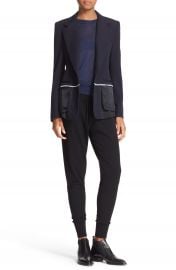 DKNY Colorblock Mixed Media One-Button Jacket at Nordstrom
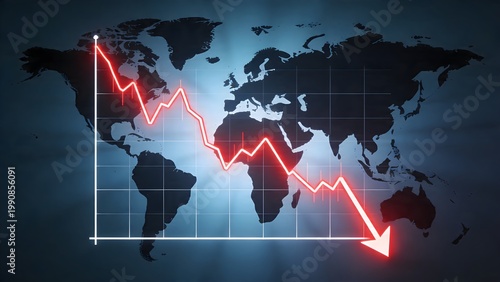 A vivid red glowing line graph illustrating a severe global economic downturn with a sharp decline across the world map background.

--

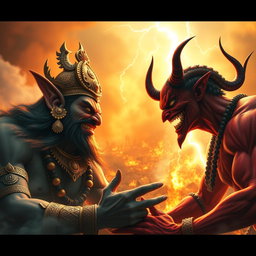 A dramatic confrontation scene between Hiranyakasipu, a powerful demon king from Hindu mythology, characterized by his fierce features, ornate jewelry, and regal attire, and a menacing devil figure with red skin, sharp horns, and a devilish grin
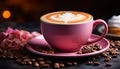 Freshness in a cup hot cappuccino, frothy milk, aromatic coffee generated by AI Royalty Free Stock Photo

ABOUT THIS TASK: I would like the exact lines from the data above, starting with the one that holds "DKNY Colorblock Mixed" and going on through the one that holds "A vivid red", without the pictures.

ANSWER SECTION:
 DKNY Colorblock Mixed Media One-Button Jacket at Nordstrom
 A vivid red glowing line graph illustrating a severe global economic downturn with a sharp decline across the world map background.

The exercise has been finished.